▶ _Source data_
[Start of section]

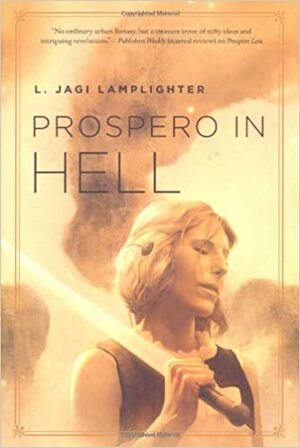 Prospero in Hell by L. Jagi Lamplighter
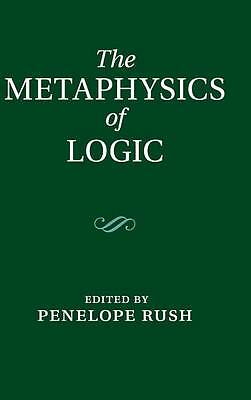 The Metaphysics of Logic Rush Hardback Cambridge University Press 9781107039643
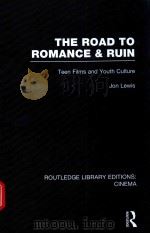 THE ROAD TO ROMANCE & RUIN TEEN FILMS AND YOUTH CULTURE   1992  PDF电子版封面  9780415726801  JON LEWIS 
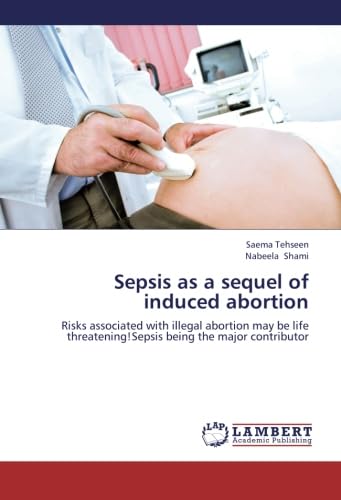 Imagen de archivo de Sepsis As A Sequel Of Induced Abortion: Risks Associated With Illegal Abortion May Be Life Threatening!Sepsis Being The Major Contributor a la venta por Revaluation Books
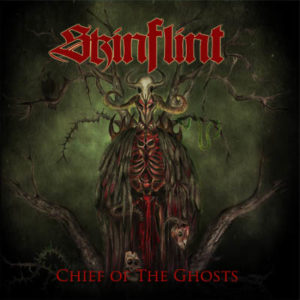 Skinflint - Chief Of The Ghosts (CD Cover Artwork)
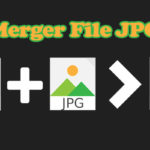 Cara Menggabungkan File JPG di Android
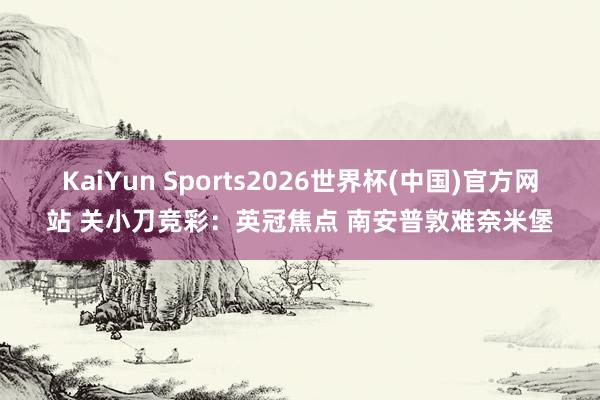 KaiYun Sports2026世界杯(中国)官方网站 关小刀竞彩：英冠焦点 南安普敦难奈米堡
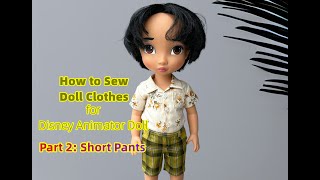 How to make Disney Animator doll clothes I Part 2~ Short pants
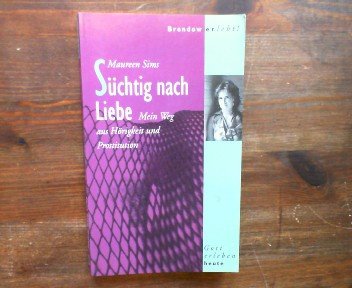 Beispielbild fr Schtig nach Liebe : mein Weg aus Hrigkeit und Prostitution zum Verkauf von Der Bcher-Br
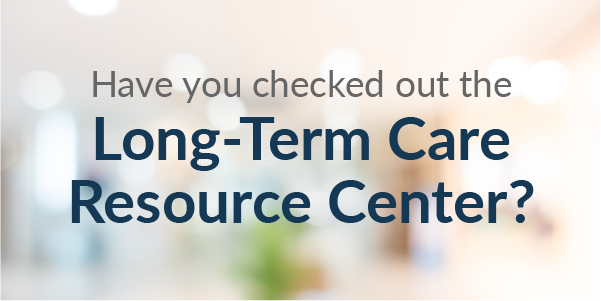 Have you checked out the Long-Term Care Resource Center?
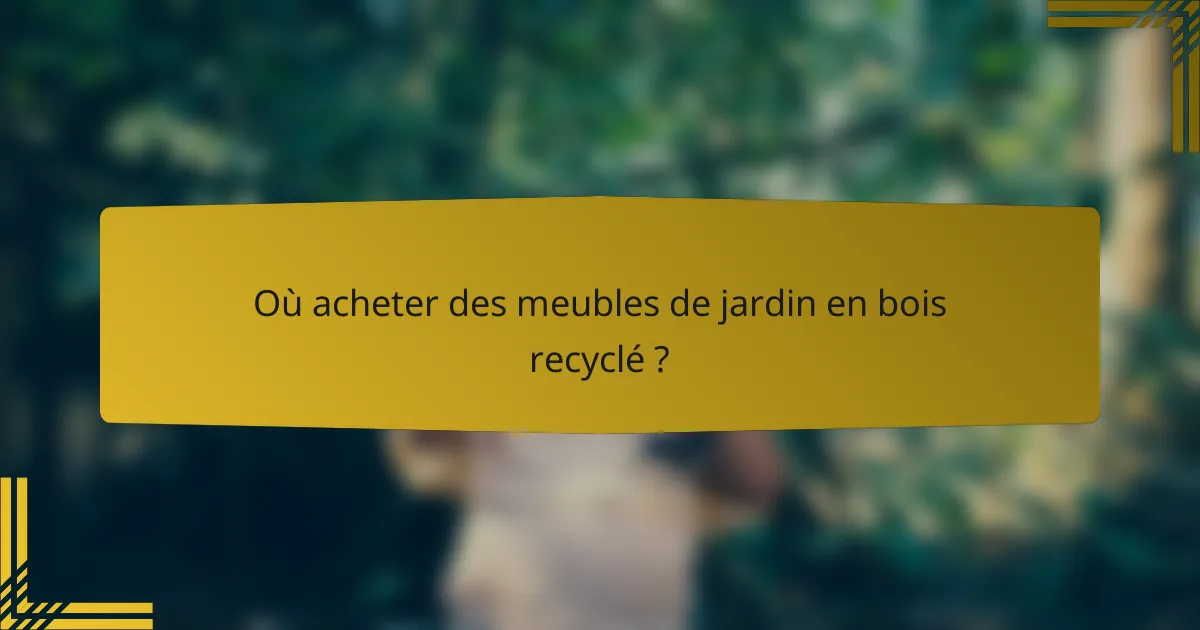 Où acheter des meubles de jardin en bois recyclé ?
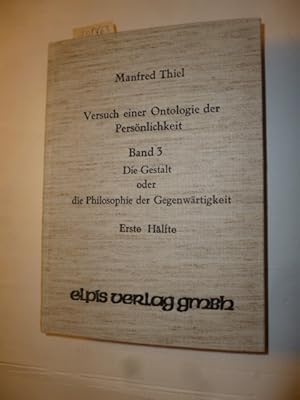 Imagen del vendedor de Versuch einer Ontologie der Persnlichkeit - Band III. - Die Gestalt oder die Philosophie der Gegenwrtigkeit - erste Hlfte a la venta por Gebrauchtbcherlogistik  H.J. Lauterbach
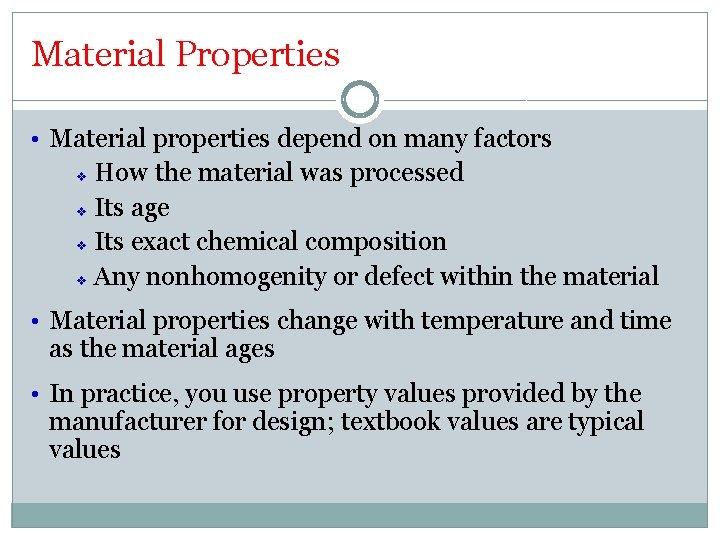 Material Properties • Material properties depend on many factors How the material was processed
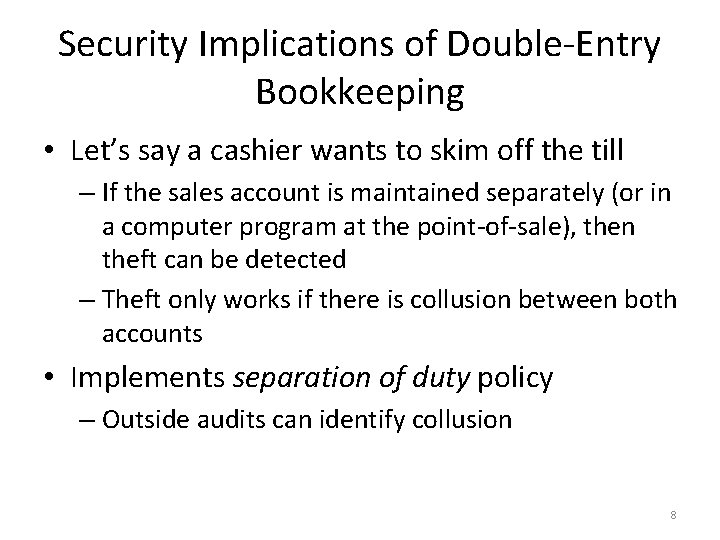Security Implications of Double-Entry Bookkeeping • Let’s say a cashier wants to skim off
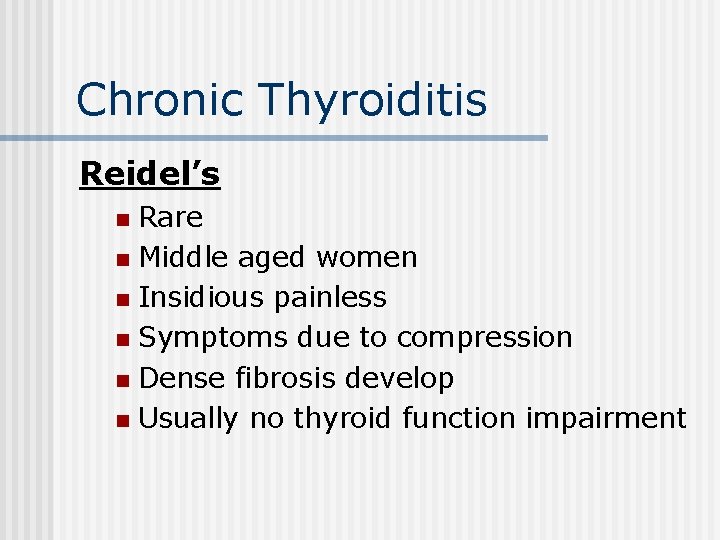 Chronic Thyroiditis Reidel’s Rare n Middle aged women n Insidious painless n Symptoms due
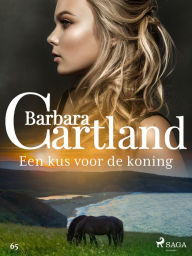 Title: Een kus voor de koning, Author: Barbara Cartland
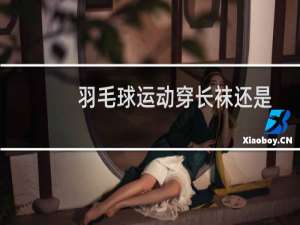 羽毛球运动穿长袜还是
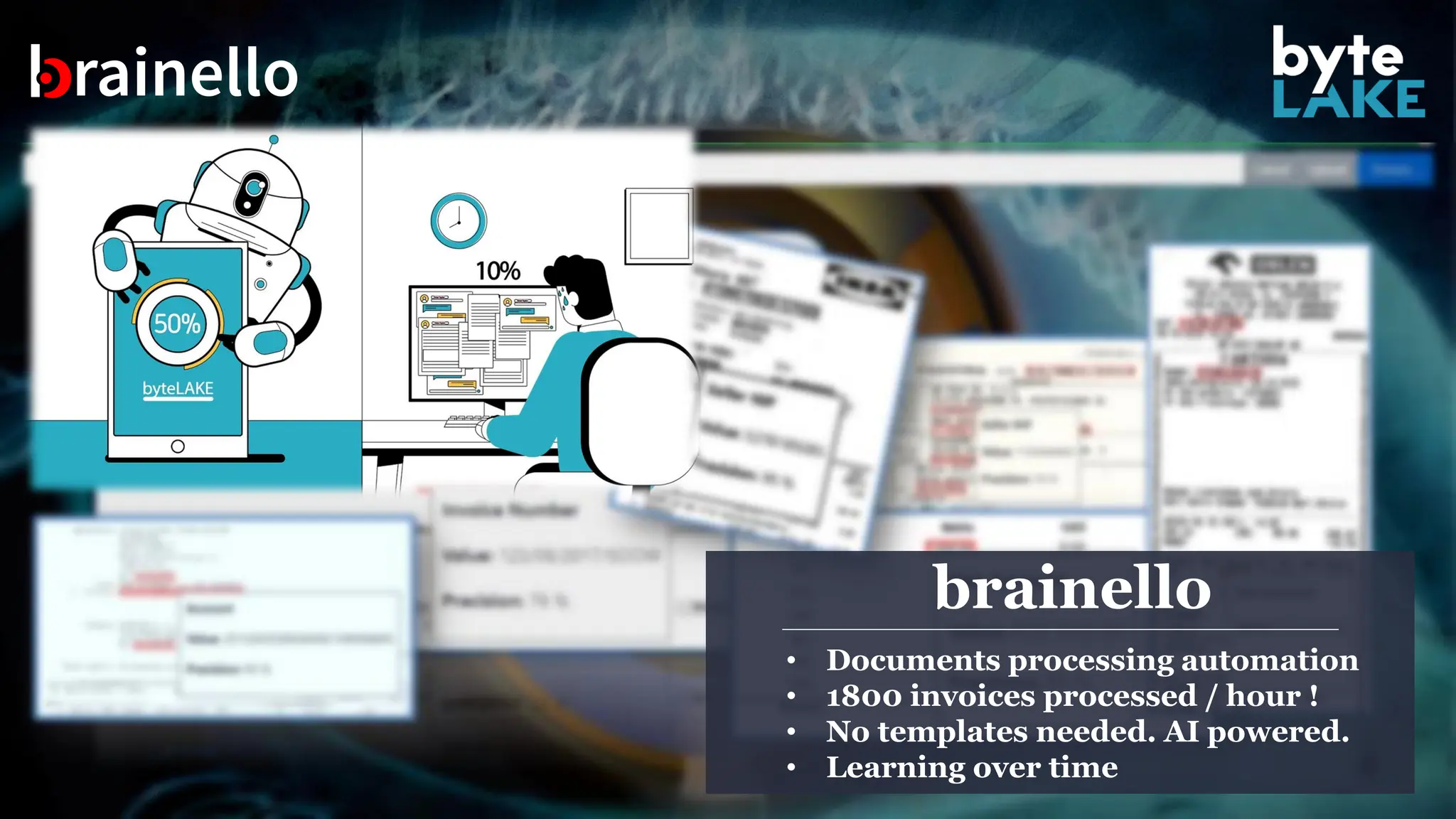 brainello
• Documents processing automation
• 1800 invoices processed / hour !
• No templates needed. AI powered.
• Learning over time
 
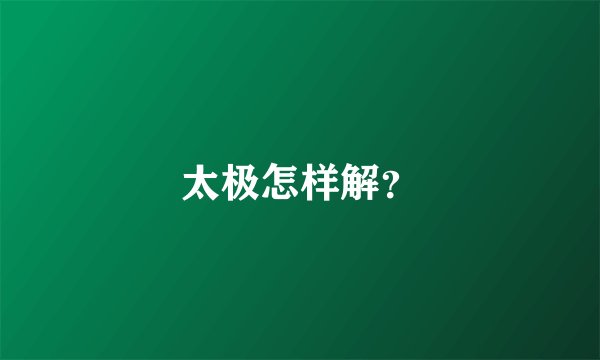 太极怎样解？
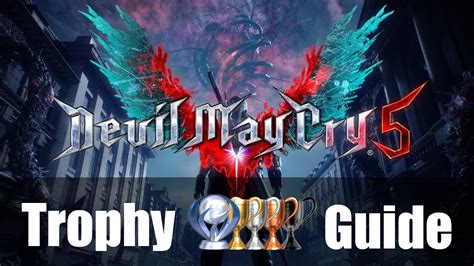 Please provide a roadmap for obtaining the trophies in this game. Devil May Cry 5 Trophy Guide & Roadmap | Fextralife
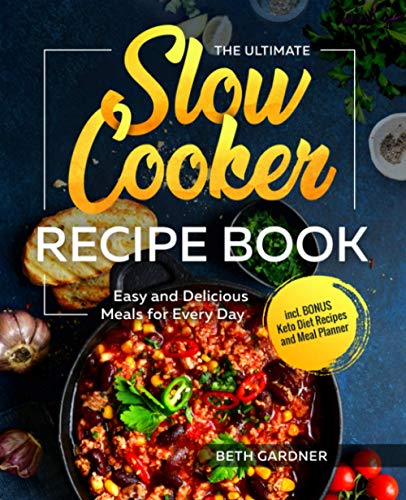 The Ultimate Slow Cooker Recipe Book: Easy and Delicious Meals for Every Day incl. BONUS Keto Diet Recipes and Meal Planner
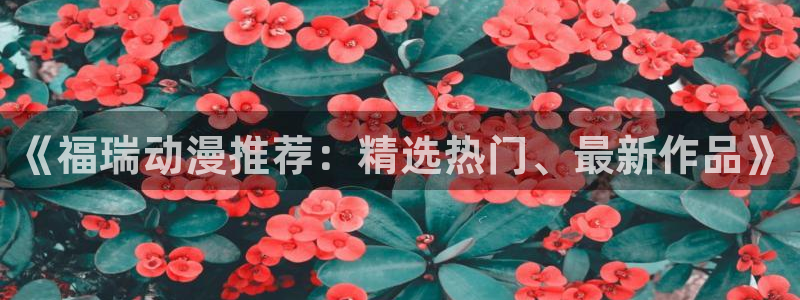 漫蛙manwa2免费下载：《福瑞动漫推荐：精选热门、最新作品》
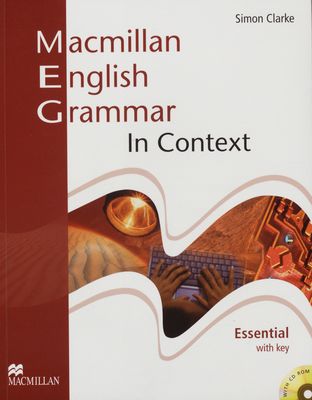 Macmillan English grammar in context : essential : with key /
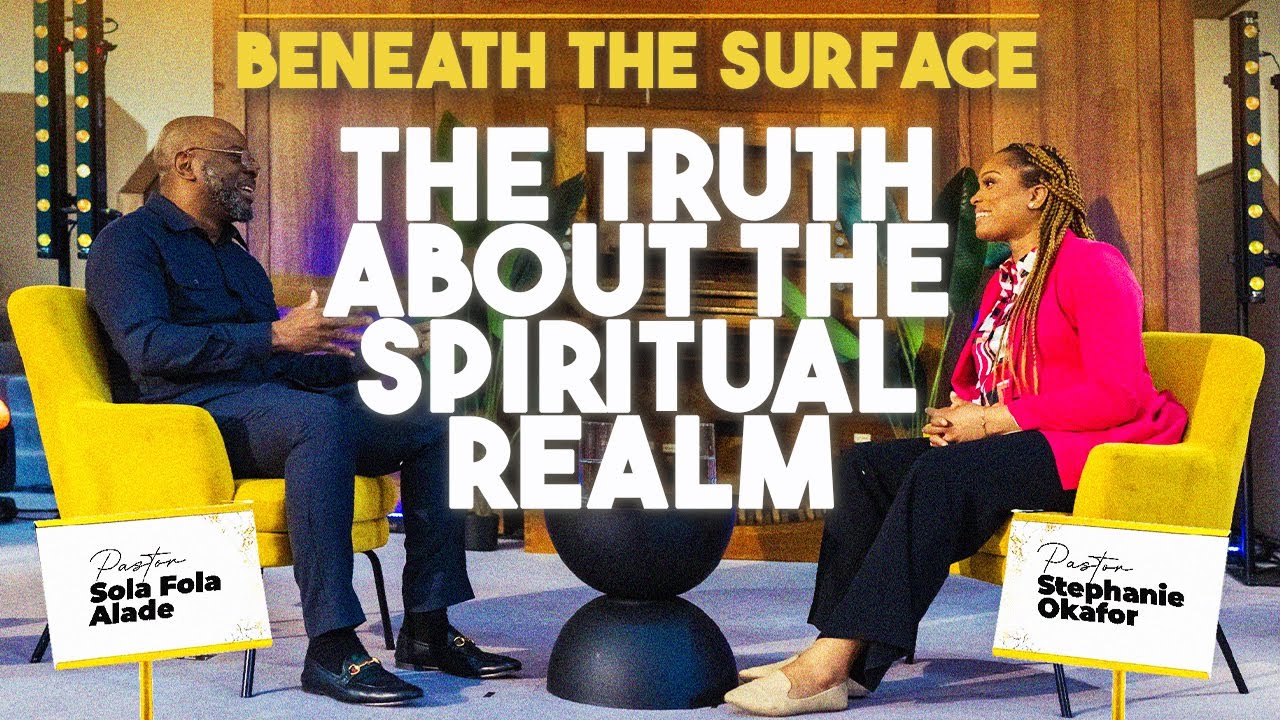 The Truth About the Spiritual Realm with Pastor Stephanie Ike Okafor | Beneath the Surface | Ep. 2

[End of section]

▶ _What to do_
Copy out the listing above from the line containing "Imagen de archivo" to the line containing "Chronic Thyroiditis Reidel’s", both included, exactly as written and minus the images.

▶ _Answer section_
 Imagen de archivo de Sepsis As A Sequel Of Induced Abortion: Risks Associated With Illegal Abortion May Be Life Threatening!Sepsis Being The Major Contributor a la venta por Revaluation Books
 Skinflint - Chief Of The Ghosts (CD Cover Artwork)
 Cara Menggabungkan File JPG di Android
 KaiYun Sports2026世界杯(中国)官方网站 关小刀竞彩：英冠焦点 南安普敦难奈米堡
 How to make Disney Animator doll clothes I Part 2~ Short pants
 Beispielbild fr Schtig nach Liebe : mein Weg aus Hrigkeit und Prostitution zum Verkauf von Der Bcher-Br
 Have you checked out the Long-Term Care Resource Center?
 Où acheter des meubles de jardin en bois recyclé ?
 Imagen del vendedor de Versuch einer Ontologie der Persnlichkeit - Band III. - Die Gestalt oder die Philosophie der Gegenwrtigkeit - erste Hlfte a la venta por Gebrauchtbcherlogistik  H.J. Lauterbach
 Material Properties • Material properties depend on many factors How the material was processed
Security Implications of Double-Entry Bookkeeping • Let’s say a cashier wants to skim off
 Chronic Thyroiditis Reidel’s Rare n Middle aged women n Insidious painless n Symptoms due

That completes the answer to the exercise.